The whole shebang is relatively painless (“Innocuous!” would be my pull quote), a sadly low bar given summer’s already low cinematic expectations. The first Men in Black was released in July 1997 and, with Barry Sonnenfeld directing, quickly took off with its bright, fizzy nonsense and its cannily paired leads, Will Smith and Tommy Lee Jones. Two decades is a long time in the movie world, and the original stars, who were joined by Josh Brolin in the 2012 sequel, have been replaced by Chris Hemsworth and Tessa Thompson, with Liam Neeson now furrowing brows on backup.
All three are nice to spend time with, so that’s something. Disposability has always been a draw of this series, which is high concept enough to support sequels, but generic enough that its parts don’t register individually. A poster for the 1997 film laid out the premise with pictorial obviousness (big guns, a starry sky, sharply dressed men in dark glasses), while the tagline telegraphed the cheeky and breezy violence: “Protecting the earth from the scum of the universe.” The movie was light, silly fun; the stakes were low, the actors charming. By far the most amusing bit was the neuralyser, the tool the men in black use to erase the memories of witnesses, a service that this franchise has effortlessly managed on its own.
The latest edition offers more of the same but with some modifications, none interesting. There are agents, guns, extraterrestrials, special effects, pop-cultural nods and a lot of overt tiptoeing around politics. The most obvious and belaboured difference is the presence of women, most notably Thompson, who shares star billing with Hemsworth. It’s easy to be cynical about her casting (trust me), but it is good to see her making bank instead of some Hollywood dude du jour. That said, it’s exasperating (yet predictable) that the movie makes such a great, groaning fuss over the fact that women are onboard, a self-consciousness that reads like self-congratulation.
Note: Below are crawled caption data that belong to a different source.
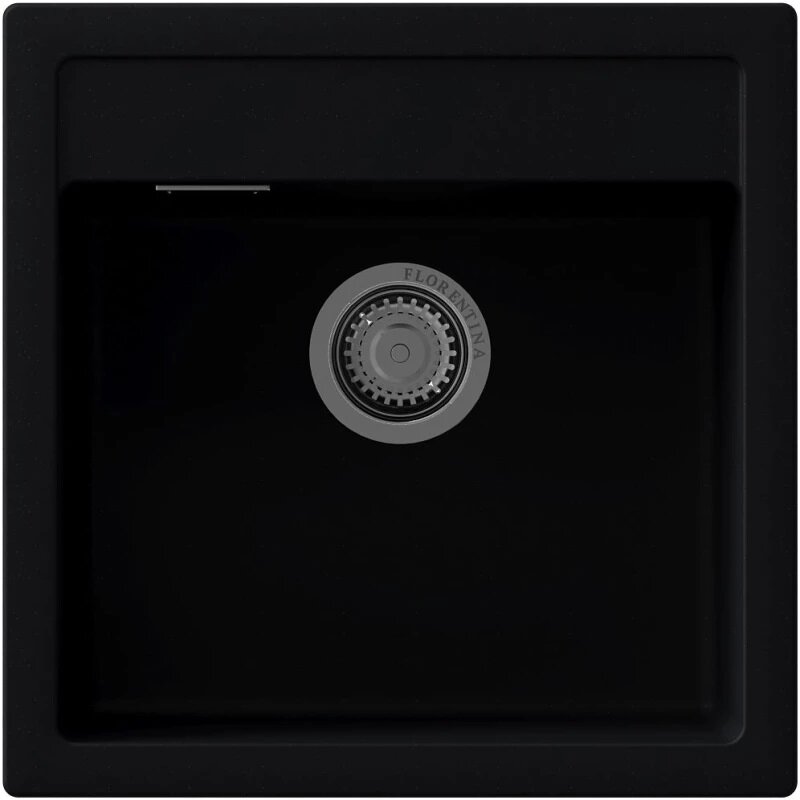 Изображение товара Кухонная мойка Florentina Эстель из искусственного камня черная матовая 51х51 см
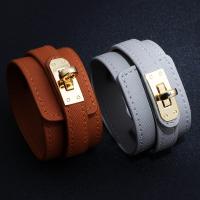 PU Leather Bracelet, with Zinc Alloy, gold color plated, for woman 38mm Approx 9.3 Inch 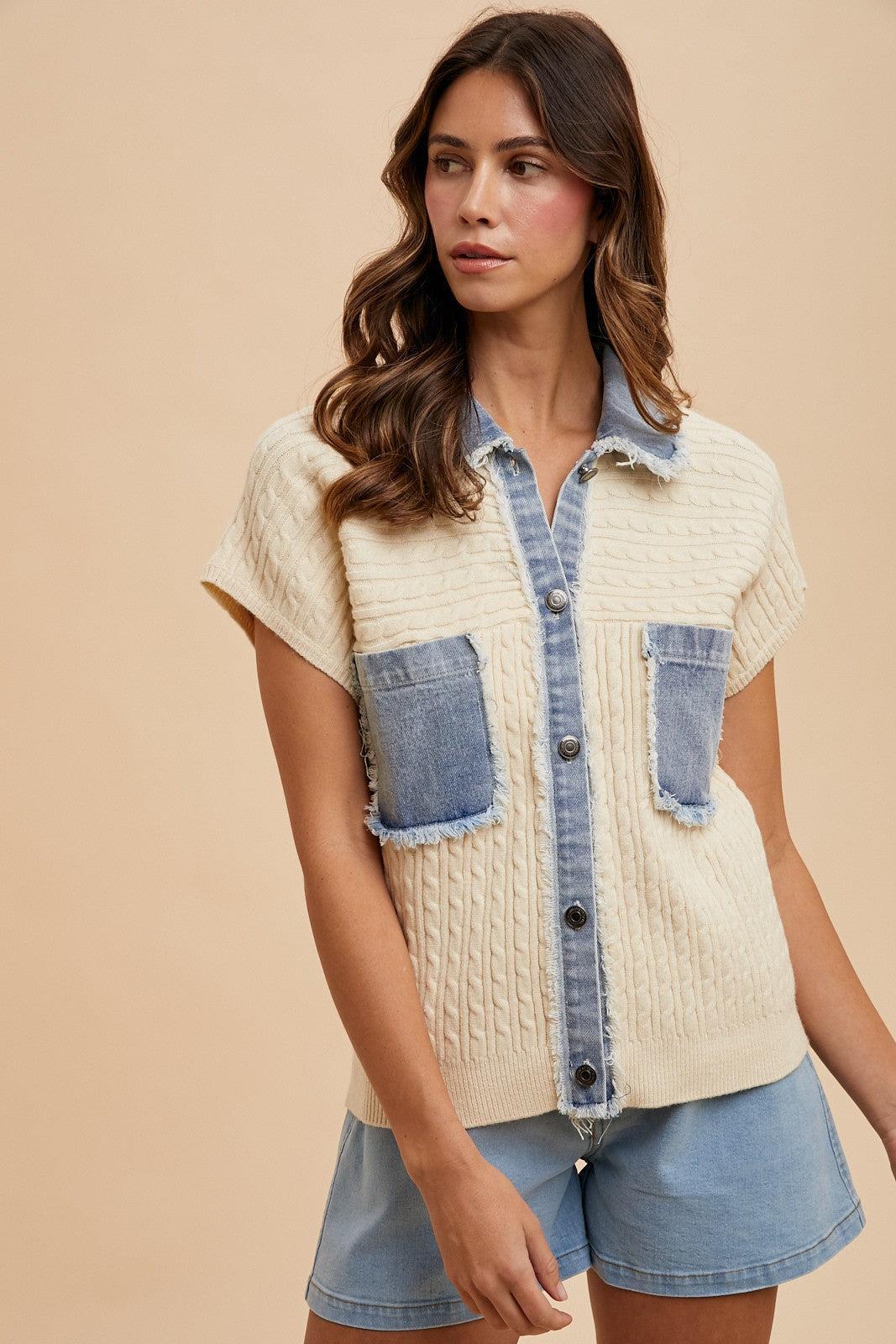 Denim Cable Sweater Jacket Product Image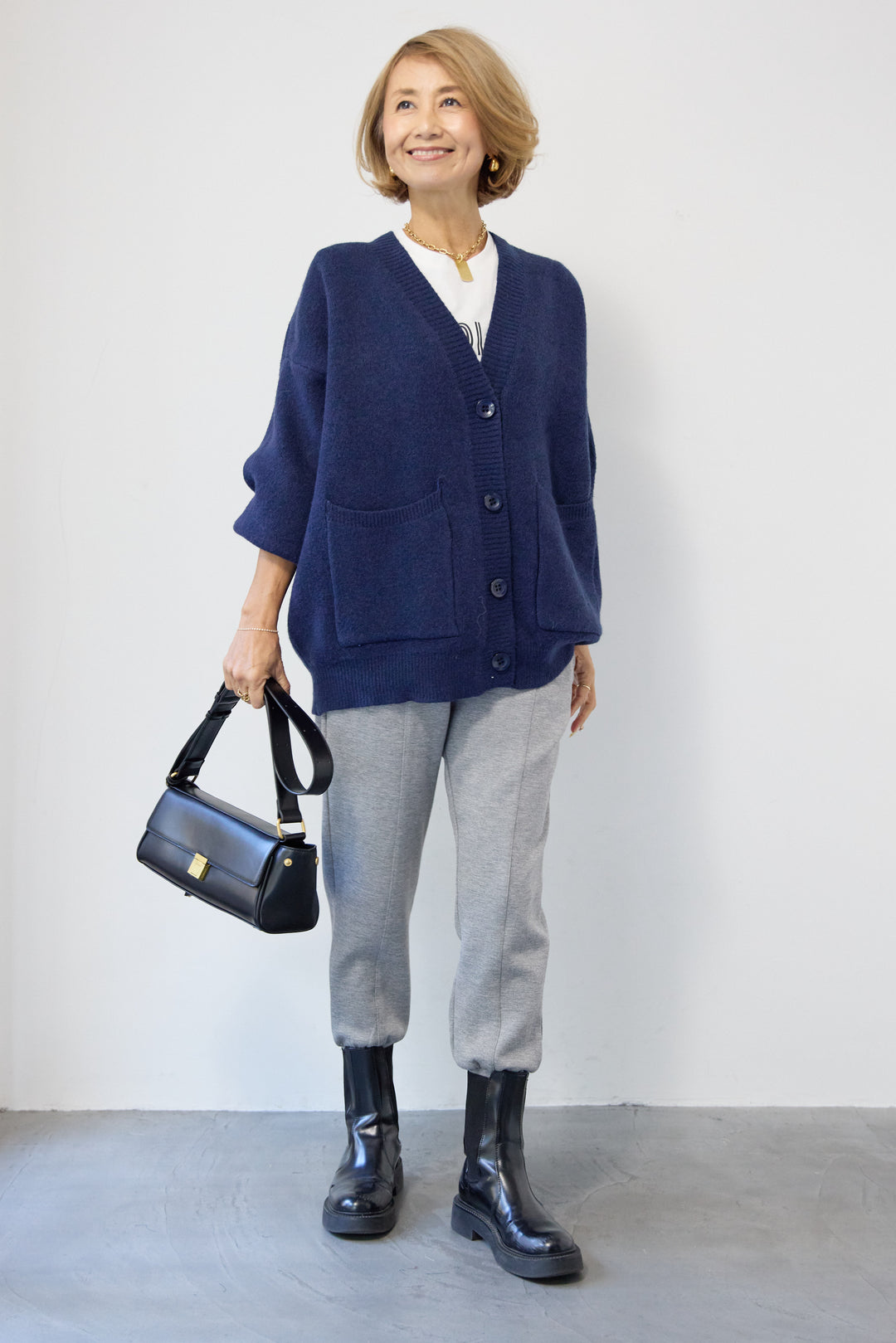 [SET]Vネックワイドカーディガン+【REIKOコラボ】スウェット起毛ジョガーパンツ(2set)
F. Gary Gray can be a fine action director and sometimes better than fine, but the scenes that should pop and pow — given the squealing tires, bared knuckles and laser beams — consistently fall flat. He doesn’t seem engaged in the material, which is understandable, though if you’re not going to take on aliens as metaphor in 2019 it’s hard to know why anyone would bother. Surely there are other studio checks to cash. About the only time Gray perks up are in the scenes with the French performers known as Les Twins, whose beauty and sensuous elasticity prove more eye-opening than any special effect or even Hemsworth’s regularly — and, doubtless, contractually — bared chest.
To be fair (really), the script by Art Marcum and Matt Holloway gives Gray and everyone else little to do, even as the story jumps around from New York to London to Marrakesh, racking up cliches with the miles. It says something about the entrenched studio mind-set that despite the bids to bring this series up to representational speed by casting Thompson (Emma Thompson shows up, too), this movie recycles one of the more noxious and durable Hollywood setups: the chase in which fun-loving Westerners race through a putatively exotic site overturning goods and scattering locals who are, of course, the most generic and disposable component of all.